Monoamine oxidases A and B (MAO-A and MAO-B) play important roles in biogenic amine metabolism, oxidative stress, and chronic inflammation. Particularly, MAO-B selective inhibitors are promising therapeutic choices for the treatment of neurodegenerative diseases, such as Pakinson's disease and Alzheimer's disease. Herein, novel 3,6-disubstituted isobenzofuran-1(3H)-ones were designed, synthesized and evaluated in vitro as inhibitors of monoamine oxidases A and B. Structure-activity relationships were investigated, and all of the compounds with (R)-3-hydroxy pyrrolidine moiety on the 6-position displayed preferable inhibition toward the MAO-B isoform.

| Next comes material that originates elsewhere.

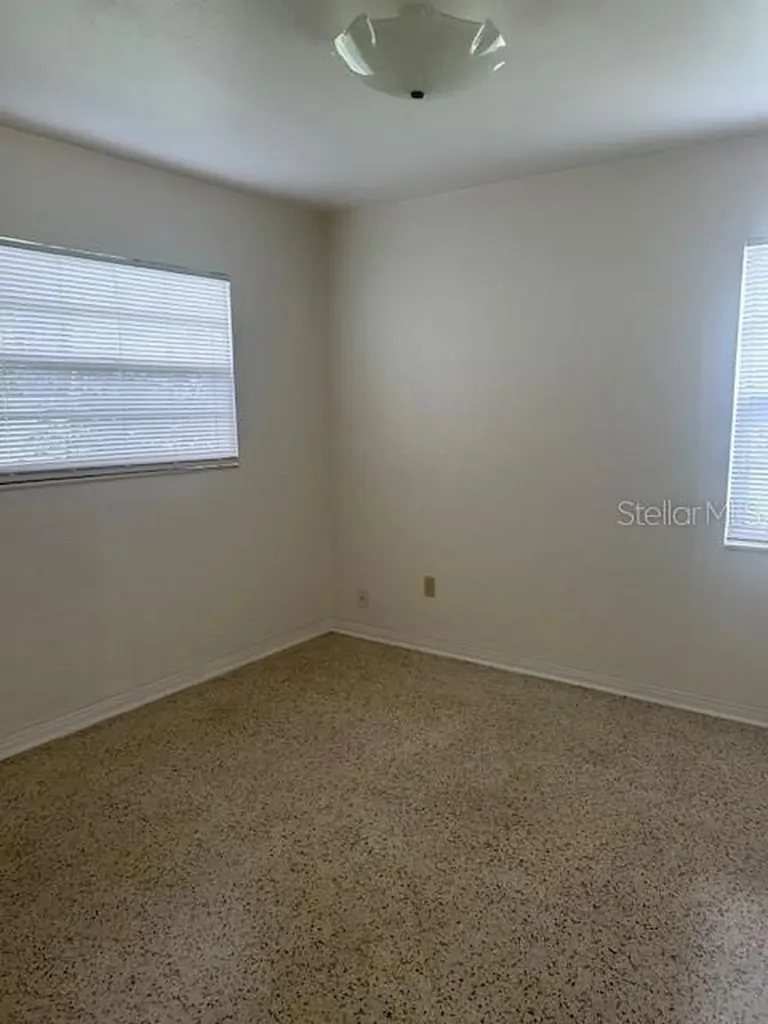 2518 40th Avenue N St Petersburg FL 33710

Among them, compounds 6c with a 4'-fluorobenzyl ring and 6m bearing a 3',4'-difluorobenzyl ring on the 3 -position were the most potent MAO-B inhibitors with IC50 values of 0.35 mu M and 0.32 mu M, respectively. The binding mode of compound 6m in MAO-B was predicted by CDOCKER program, revealing that (R)-3-hydroxypyrrolidine moiety is a critical structural feature for this series of MAO-B inhibitors. Compound 6m could serve as a new template structure for developing potent and selective MAO-B inhibitors.

Automated summary

Monoamine oxidases A and B (MAO-A and MAO-B) are important in biogenic amine metabolism, oxidative stress, and chronic inflammation. The study focused on designing and synthesizing novel compounds as inhibitors of MAO-A and MAO-B, and found that compounds with (R)-3-hydroxy pyrrolidine moiety showed preferable inhibition towards the MAO-B isoform. Among them, compound 6m with a 3',4'-difluorobenzyl ring on the 3-position showed the most potent MAO-B inhibitory activity. Compound 6m could be a new template structure for developing potent and selective MAO-B inhibitors.